Chart 8 >> Click to Enlarge
 

This points to a major structural weakness of the past growth pattern, which is likely to have important effects on the prospects for early recovery in the developed world. As long as basic employment conditions do not improve, attempts to generate economic expansion by encouraging private savings and investment – such as in the form of tax cuts and easy money through low interest rates - are likely to falter. This is because those in employment are likely to guard against the possibility of future job loss by saving more rather than spending more. To counter such a tendency, fiscal packages have to be not only very large but also explicitly directed at job creation. This has not been the case so far in either US or Japan, while in Europe the fiscal stimulus has in any case been weak.
 

In addition to this, there are other reasons why it may be futile to expect another US-led boom to bring about a recovery in the world economy once again. After all, the current recession in the US reflects the collapse of a speculative bubble, and it would be strange if the economy could immediately create another such bubble to generate that kind of economic growth.
 

At present, the bursting of the bubble involves the corporate sector cutting back investment because of overcapacity and the household sector reducing its consumption because it is already financed by record levels of private debt. A rapid reversal of these tendencies is not only unlikely, but it would also require additional international financing, with the rest of the world’s savings once again rushing in to maintain high levels of US consumption and economic activity.
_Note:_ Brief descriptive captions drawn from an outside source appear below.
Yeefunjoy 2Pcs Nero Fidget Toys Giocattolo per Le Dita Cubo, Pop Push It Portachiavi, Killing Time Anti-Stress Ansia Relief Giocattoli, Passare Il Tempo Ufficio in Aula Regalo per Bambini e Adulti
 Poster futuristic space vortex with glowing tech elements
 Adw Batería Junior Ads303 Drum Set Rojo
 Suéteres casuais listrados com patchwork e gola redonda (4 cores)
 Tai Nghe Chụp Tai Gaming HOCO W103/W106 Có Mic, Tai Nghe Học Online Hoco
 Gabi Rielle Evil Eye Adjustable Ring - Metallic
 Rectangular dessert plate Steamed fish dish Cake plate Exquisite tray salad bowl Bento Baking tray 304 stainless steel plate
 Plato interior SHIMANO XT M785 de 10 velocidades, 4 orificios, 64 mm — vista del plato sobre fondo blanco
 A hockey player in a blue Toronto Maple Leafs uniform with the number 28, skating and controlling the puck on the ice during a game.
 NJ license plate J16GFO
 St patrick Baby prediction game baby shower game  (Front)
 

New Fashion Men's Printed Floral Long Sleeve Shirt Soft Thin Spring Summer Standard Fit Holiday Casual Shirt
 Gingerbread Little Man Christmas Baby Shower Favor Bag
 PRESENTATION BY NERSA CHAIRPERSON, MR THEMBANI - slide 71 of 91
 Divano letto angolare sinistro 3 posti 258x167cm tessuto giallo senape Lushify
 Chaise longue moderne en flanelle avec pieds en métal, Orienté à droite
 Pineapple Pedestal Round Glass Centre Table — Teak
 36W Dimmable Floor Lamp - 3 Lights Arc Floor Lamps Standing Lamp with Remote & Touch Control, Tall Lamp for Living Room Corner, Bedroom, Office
An increase in US growth levels sufficient to lift the world economy would lead to a further rapid widening of the US balance of payments deficit, which is already at more than 4.5 percent of GDP. Such a payments gap would in turn require an increased financial inflow from the rest of the world to sustain it. But the rest of the world already provides nearly $2 billion per day in their savings to the US economy. It is difficult to see how this can be increased in a wider international context of lower income growth and stagnant employment generation.
 

The prognosis

If history is any guide, the need for a leader to pull the capitalist system out of this slump is obvious. It is also clear that the IMF  is too misguided in its policy responses and too small in terms of its resources, to play the role of lender of last resort. Indeed, the Bretton Woods institutions have earned such a bad name in the current crisis that even the London Financial Times has referred to them as ''the gruesome twosome''. But in any case, the amount of resources required to prevent international financial debacle is certainly beyond their capacity. 
 

Similarly the world desperately needs a major buyer of last resort. If the vulnerable economies of Asia, the teetering economies of Latin America, the oppressed primary exporters of Africa, and the devastated regions of Eastern Europe are to recover, they must find markets for their goods in the west. Thus the developed capitalist countries must increase their imports from such regions dramatically on order to avoid a more generalised slump. Big trade deficits in the most prosperous nations are an essential part of a resolution of the present crisis.
 

Clearly, the only feasible solution for international capitalism is concerted expansion, directed by a responsible world ''leader'' who would behave in a Kindleberger fashion to organise such an expansion. But the current international political economy suggests that such a solution is not feasible or likely at the moment. Therefore, some sort of major slowdown in world economic activity does indeed seem likely, and the world economy could be condemned to a repetition of the widely read history of an earlier depression.
 

Of course, that particular depression did also mark the first systematic attempts at industrialisation in a range of underdeveloped countries across three continents. In fact a reading of history tells us that periods of instability and confusion in the world economy are precisely those periods which also allow for some autonomous industrialisation in what has been called the Third World. So, while world economic recession is both likely and potentially painful, it may also represent an opportunity for governments in developing countries to activate strategies of autonomous industrialisation. The extent to which this occurs will of course depend in turn on the various political economy forces which determine policy in our own countries as well.